Aber daraus wurde nichts, denn die Jünger des Brustrings zeigten heute ihre bei weitem schlechteste Saisonleistung. So wurde Fürth immer stärker und sollte nach den 90 Minuten insgesamt drei mal Aluminium getroffen haben und mehr oder weniger häufig aus aussichtsreicher Position vor dem Kasten der Cannstatter Jungs aufgetaucht sein. Vom VfB kam – wie leider auch von der Cannstatter Kurve – wenig bis gar nichts, so dass man sich beim einzigen Spieler mit Normalform (und damit meine ich tatsächlich Holger B. aus R. an der R.) bedanken, dass es nicht noch schlimmer brannte. Die einzigen Risikopässe, die man vom VfB heute sah, waren am eigenen Sechzehner, als man austestete ob Ersatzkeeper Bredlow denn auch Fußball spielen kann, oder nicht.
Ansonsten war das leider wenig, aber dennoch gilt wenn Du diese Spiele gewinnst, dann steigst du mit 1893% Wahrscheinlichkeit auch auf. Genau so gilt aber, wenn Du dauerhaft so weiter spielst, haben wir – wie Theo und Scheckese schon richtig vermuteten – kurz vor Weihnachten mal wieder einen neuen Trainer auf der Bank. Wo die Reise hingeht weiß man vermutlich nachdem man zweimal in Hamburg zu Gast war und danach entweder klarer Spitzenreiter und noch im Pokes dabei ist, oder sich eben in der Sportschule in Ruit zum Wunden lecken treffen wird…

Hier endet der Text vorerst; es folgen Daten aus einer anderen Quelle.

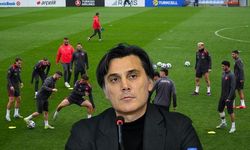 Montella: Gruptan birinci çıkmayı istiyoruz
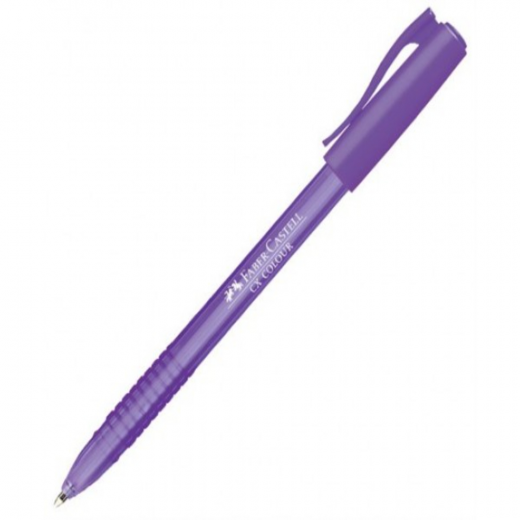 Faber Castell | Color Roller Pen CX  | 1.0 mm | Purple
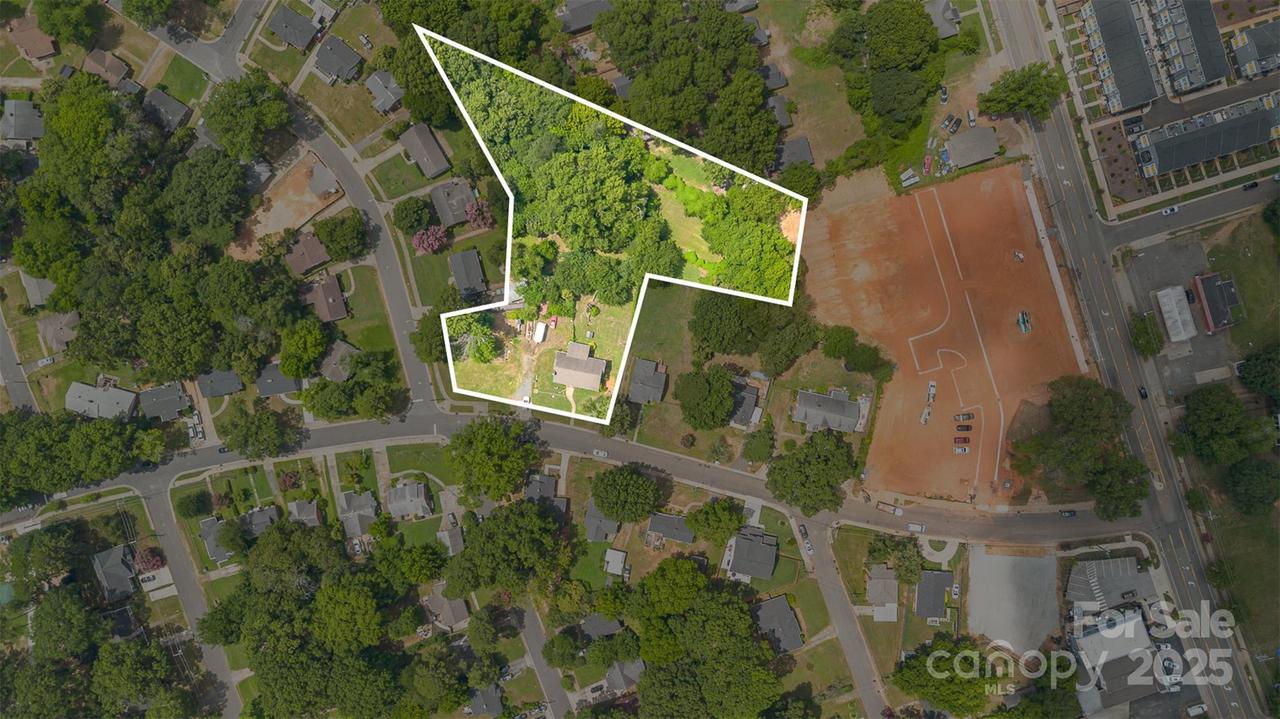 1318 Enderly Rd., Charlotte, NC 28208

Eins muss ich dann aber noch los werden: Zum wiederholten Mal bekam der VfB einen klaren Elfmeter nicht zugesprochen. Wenn der Videobeweis nun also dazu führt, dass der Schiri – im Glauben aus Köln würde man schon eingreifen – nun jede Szene im Strafraum einfach mal weiter laufen lässt und die im Keller einfach nicht reagieren, dann ist das Spiel durch Einführung des Videobeweises nicht nur nicht mehr mein Fußball, sondern entgegen aller vollmundiger Ankündigungen auch um einiges unfairer geworden.